Peter Roxburgh learned to save as a young child and was on his way to financial freedom from his teenage years. “I read the Rich Dad Poor Dad book in my teens and I followed his investment strategies,” says Peter.
Attitudes towards investing
Rich Dad author Robert Kiyosaki advocates “paying yourself first”, which is something that has stood Peter in good financial stead. He calculates his savings and puts them aside before allocating spending money. “I put myself at the top of my budget. I actually pay myself 10% of my Salary before I pay Bills and other spending money.” He keeps a running budget and monitors his overall savings percentage, which is sitting around 15% currently.
Peter’s strategic approach to saving – as well as his determination to kill off his student debt fast, meant he could buy his first home aged 23 and had two under his belt by the time he was 25.
Preferred asset classes
Peter values security when it comes to savings accounts, where he parks liquid cash, but is more of a risk taker with his equities and funds. “I am looking for capital growth. I am definitely in the aggressive/risk taking category.”

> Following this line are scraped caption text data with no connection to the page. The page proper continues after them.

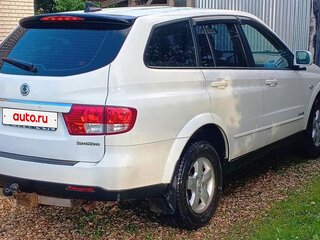 2012 SsangYong Kyron I Рестайлинг, белый, 820000 рублей, вид 4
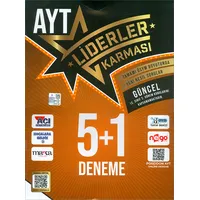 Liderler Karması AYT 5+1 Deneme Seti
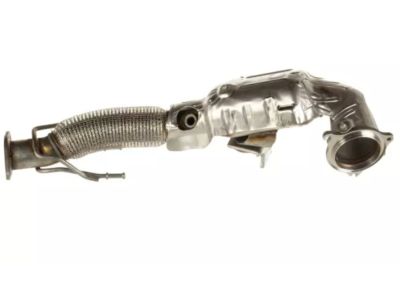 2016 Ford Fusion Catalytic Converter - DG9Z-5E212-C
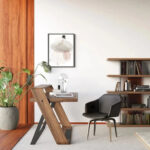 ⁦مكتب للعمل بتصميم هندسي مبتكر⁩ - الصورة ⁦3⁩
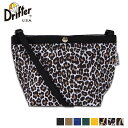 ドリフター Drifter バッグ ショルダーバッグ メンズ レディース 2L 斜めがけ LENNY ブラック ベージュ グリーン イエロー カモ レオパード ゼブラ 黒 迷彩 DFV1710 母の日(4)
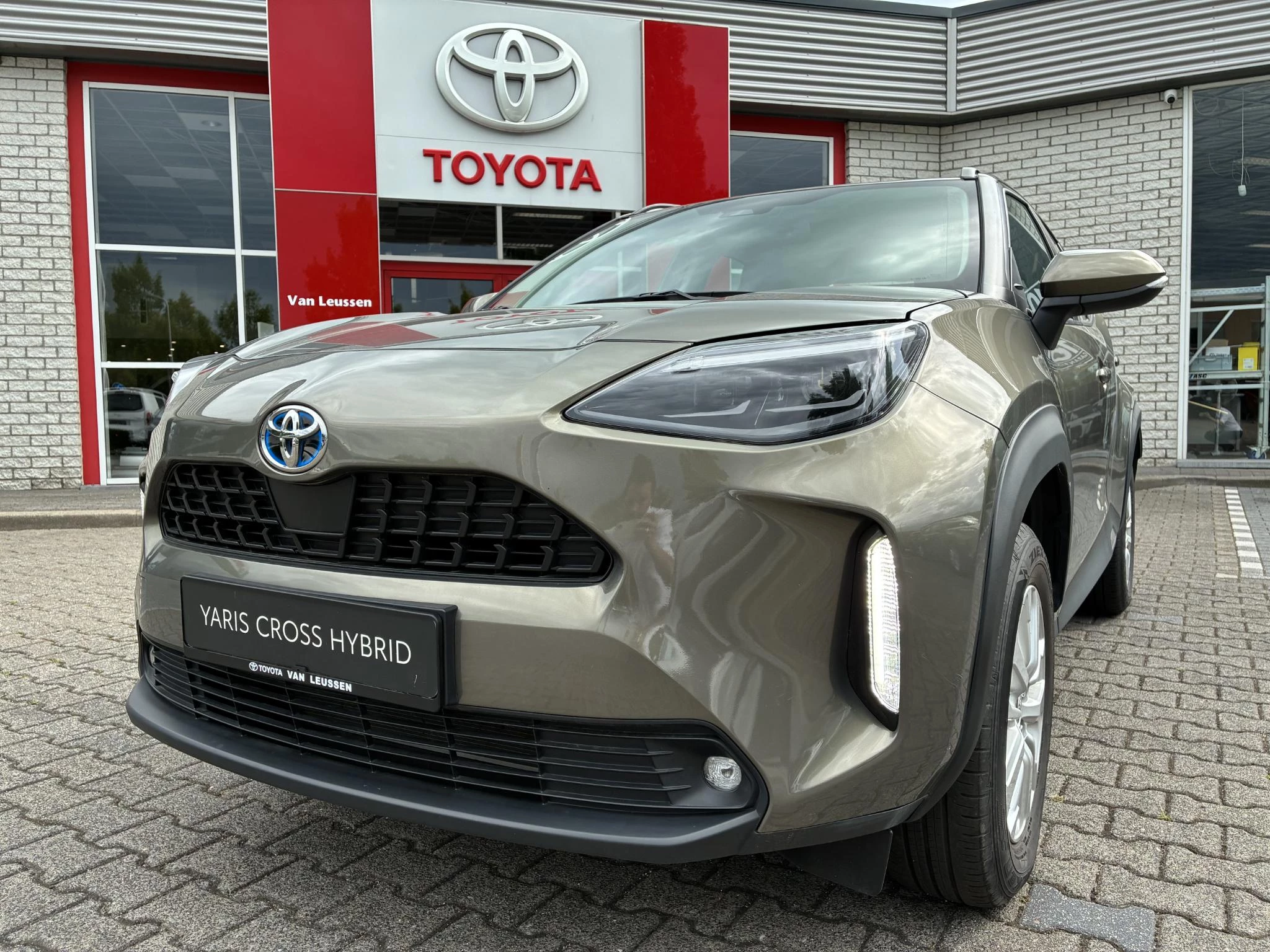Hoofdafbeelding Toyota Yaris Cross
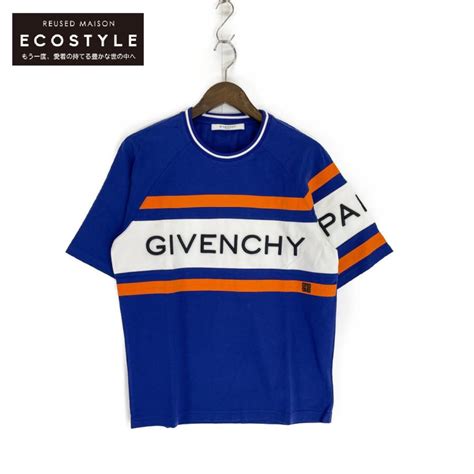 GIVENCHY Xs Cotton Bm70Kv3002 Contrast Slim Fit 19Ss Asian 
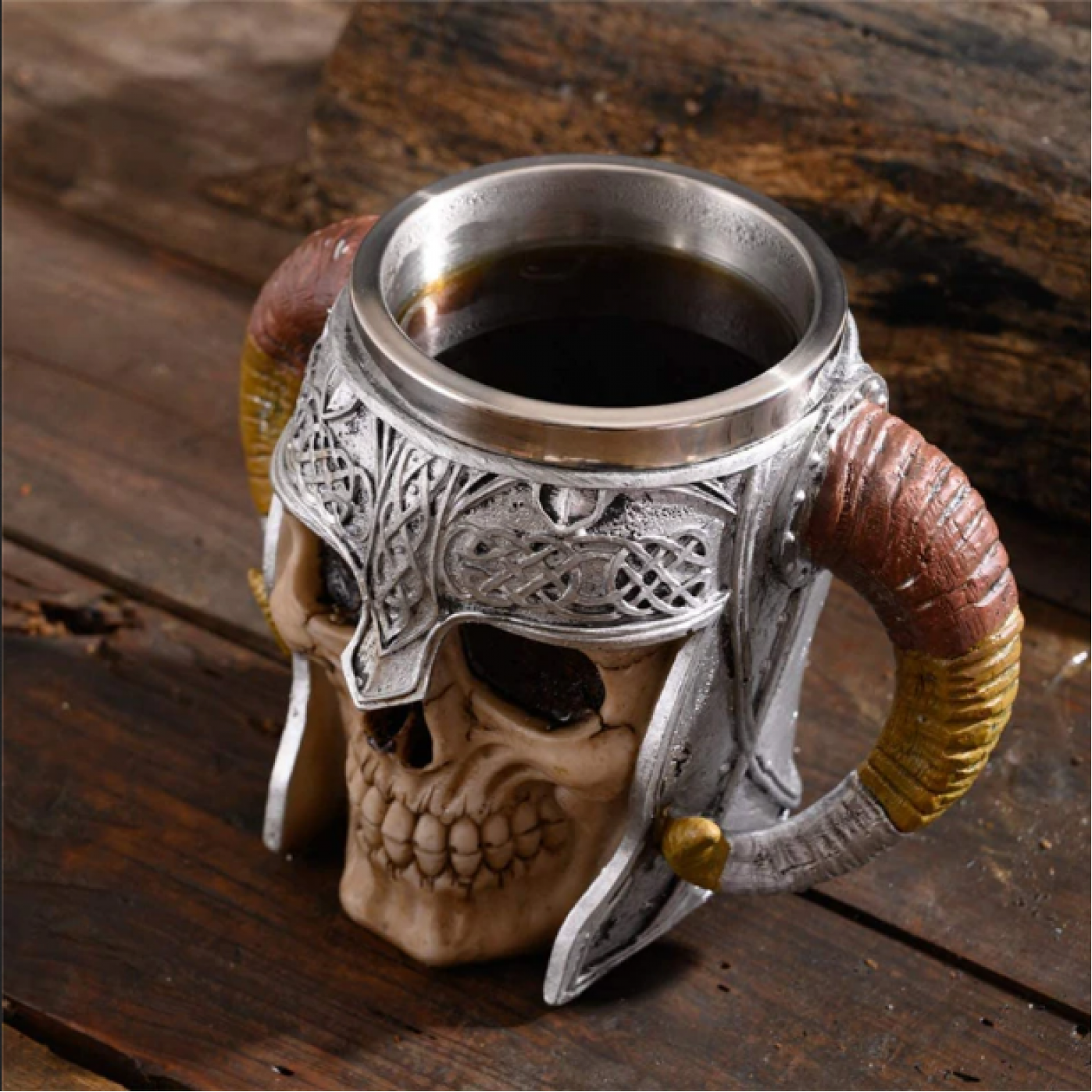 Кружка Череп викинга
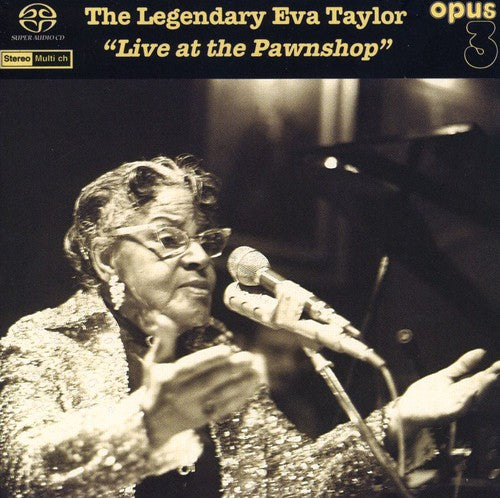 Taylor, Eva: The Legendary - SUPER-AUDIO CD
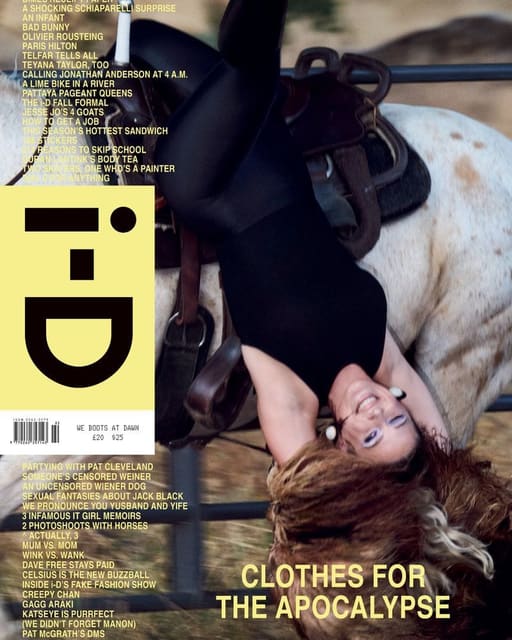 i-D Magazine Fall/Winter 2025 Covers — i-D Magazine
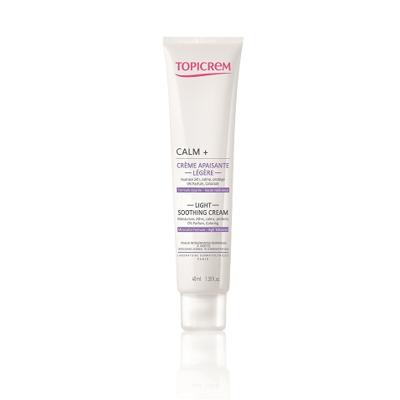 Topicrem Calm+ Light Soothing Cream 40ml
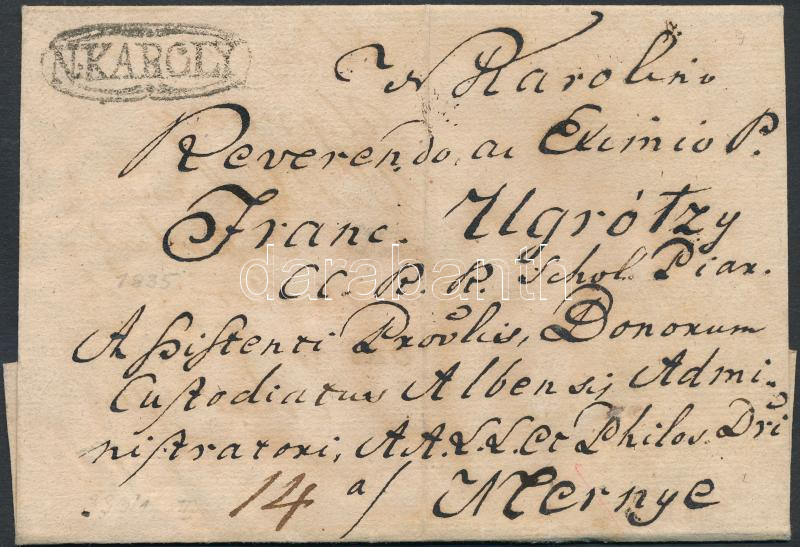 Lot 101 - Hungary philately and postal history hungary - prephilatelic covers -  Darabanth Co Ltd Major Auction of stamps, postcards and other collectibles #26 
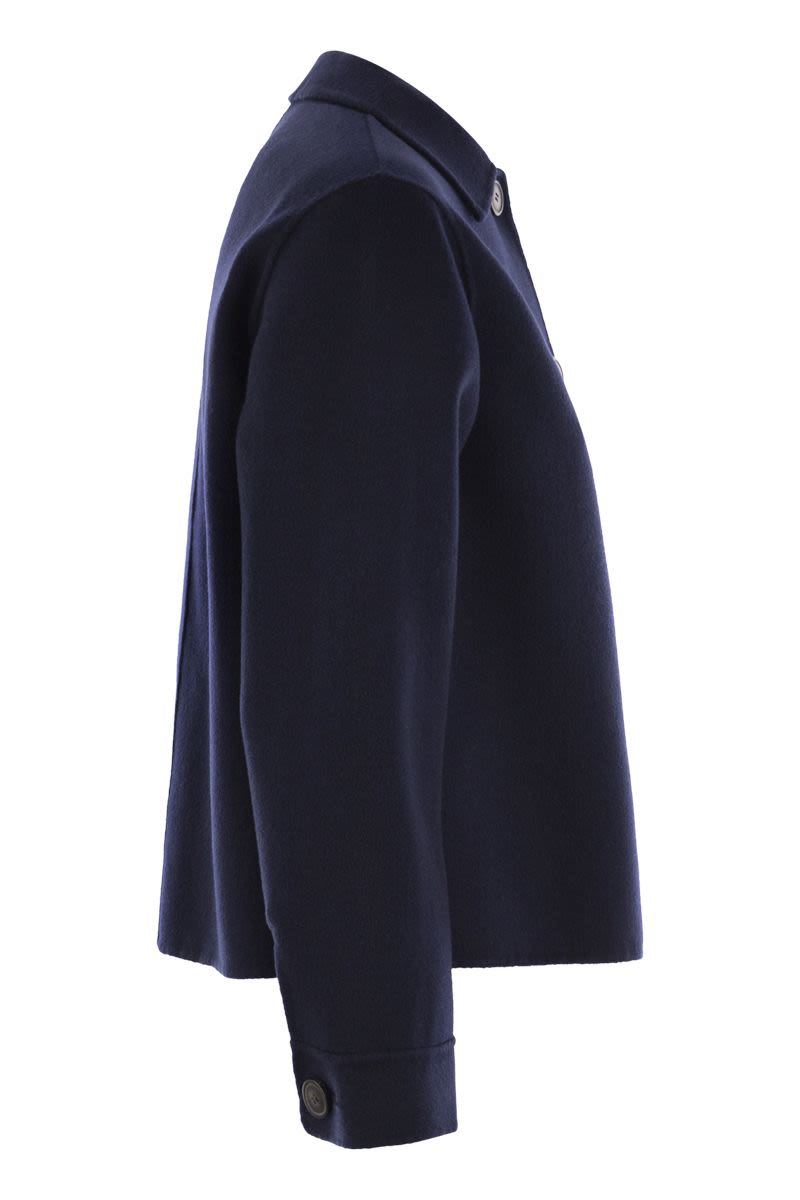 WEEKEND MAX MARA Wool Shirt Jacket for Women - FW25 Collection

Residential investment property makes up 60% of his net worth with the remainder in shares, funds and cash. The other asset class he has begun to invest in recently is fine art.
Peter’s views on the current economy
The government may be saying the recession is over, but Peter isn’t buying it. People’s spending is still being affected here in New Zealand.
Globally, share prices are still trading at a discount, which Peter sees as an opportunity. “Now is the time to buy and I am buying equities and managed funds. I know I will bank a lot of capital growth.”
Outlook for the next few months
Peter has concerns that demand hasn’t picked up in the past year as merchants expected because Kiwis are still focusing on reducing debt. “Spending is not going to be exceptional (in the near future) Christmas is likely to see a slight seasonal lift in spending but Peter doesn’t think that will carry forward to the New Year.